By 05:05 ET (09.05 GMT), the U.S. crude futures traded 0.2% lower at $85.42 a barrel, while the Brent contract dropped 0.2% to $88.42. 

Both contracts ended last week at their highest levels in more than half a year, with the Brent contract gaining just under 5% over the course of the week, and the WTI contract over 6%, helped by a substantially bigger-than-expected draw in U.S. inventories. 

October output levels eyed

Volumes are limited Monday, with the U.S. on holiday, and traders appear to have banked some profits as they await news of the expected output levels from some of the top producers in the world.

Russian Deputy Prime Minister Alexander Novak said late last week that Moscow had reached a new deal with its OPEC peers to further cut supplies, and will outline more reductions in production this week.

More importantly, Saudi Arabia, the de facto leader of the Organization of the Petroleum Exporting Countries, is widely expected to shortly announce its decision over whether to extend a voluntary one million barrel per day oil production cut into October.

“We believe that the Saudis will likely roll over the cut into October, as they will not want to put any renewed downward pressure on the oil market, although fundamentally, the market should be able to absorb the return of these barrels, given the large deficit forecast for the rest of the year,” said analysts at ING, in a note.

U.S., Chinese data helps tone

Helping last week’s gains was the news that while U.S. nonfarm payrolls grew more than expected in August, the unemployment rate rose and wage growth steadied.

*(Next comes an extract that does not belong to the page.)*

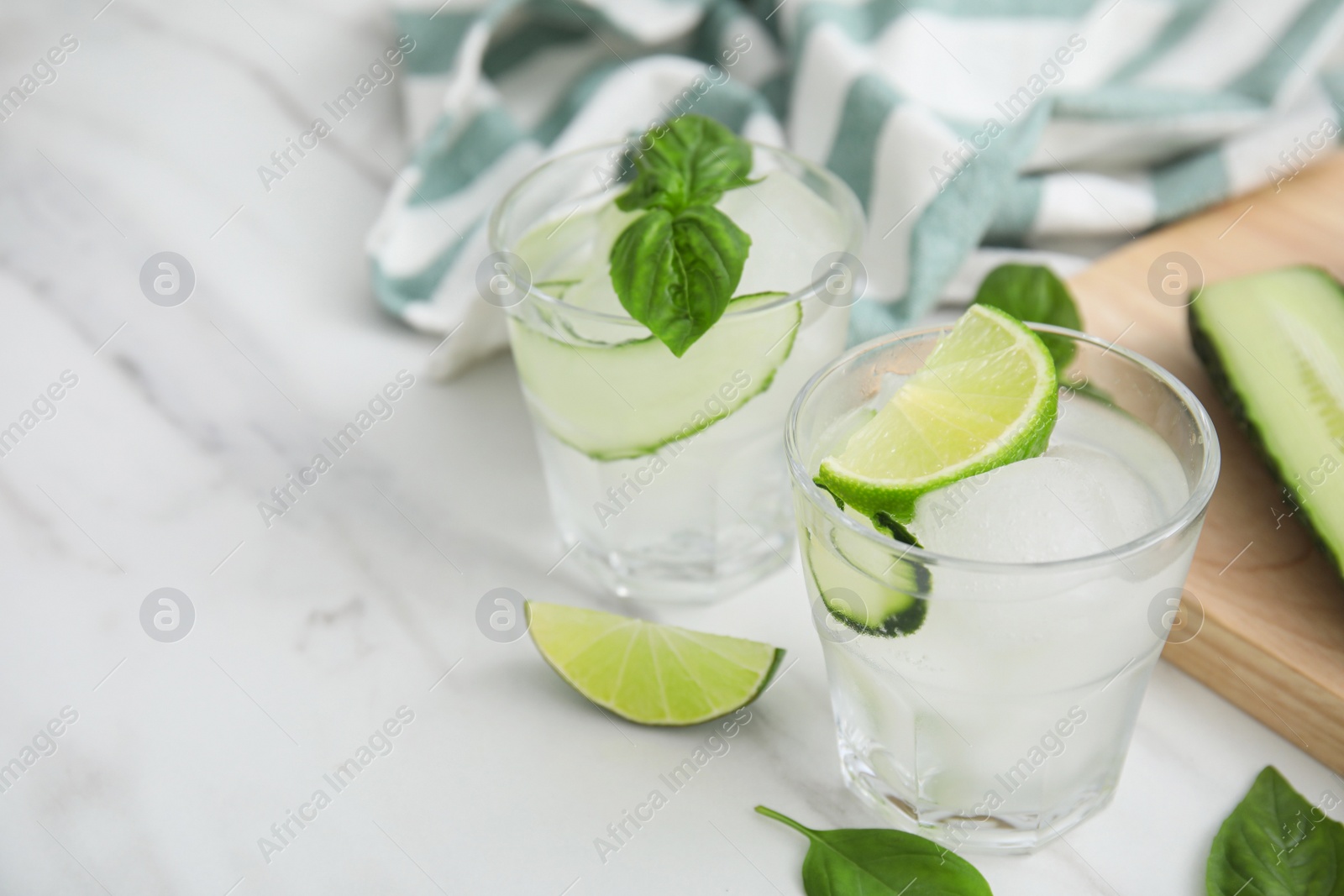 Photo of Tasty fresh cucumber water with sliced lime and basil on white marble table, space for text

This suggested the Federal Reserve will not put a further dampener on the economy by raising interest rates this month.

Additionally, PMI readings showed that business activity in the world’s largest economy remained robust, pushing up hopes that oil demand will remain relatively strong despite an expected seasonal downturn. 

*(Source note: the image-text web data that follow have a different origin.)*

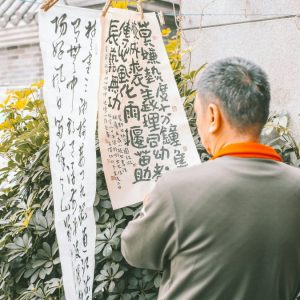 japanese man reading sign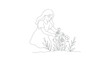 © Sarang - Woman picking flowers in the garden.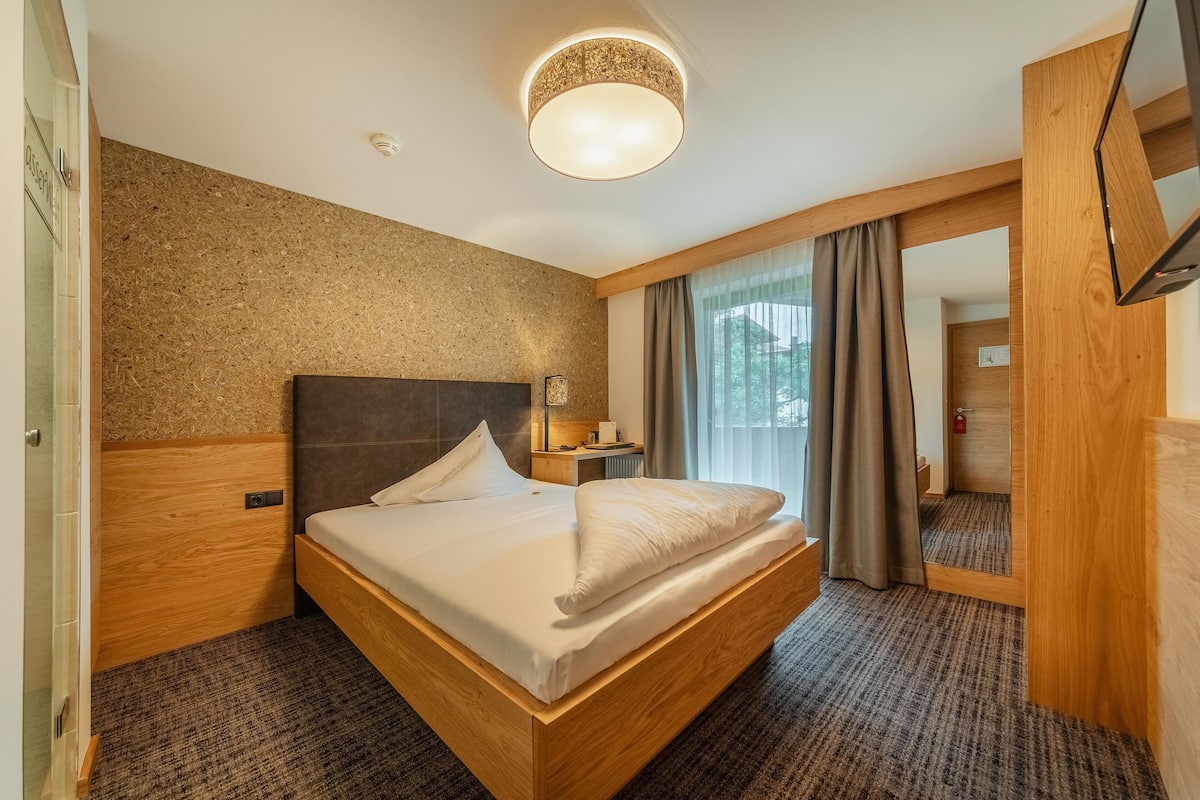 A hotel room with a large bed, wooden headboard, a bedside table with a lamp, a mirror, and a view of the outdoors through a window with curtains.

U.S. data releases this week are unlikely to significantly change the dial, there are several Fed speakers during the coming week, including Dallas Fed President Lorie Logan, who speaks Wednesday.

In China, manufacturing activity unexpectedly expanded in August, data from Caixin's manufacturing PMI survey indicated, reducing some of the pessimism about the economic health of the world's largest oil importer.

Chinese trade data are due on Thursday, and traders will be looking for evidence of increased crude demand, as a sign of a growing economy.

Speculators reduce Brent net longs 

Elsewhere, the latest positioning data shows that speculators reduced their net long in ICE (NYSE:ICE) Brent by 15,544 lots over the last reporting week, leaving them with a net long of 202,227 lots as of last Tuesday. 

“However, given the move in the market since then, along with the increase in open interest, the actual speculative net long has likely increased,” added ING.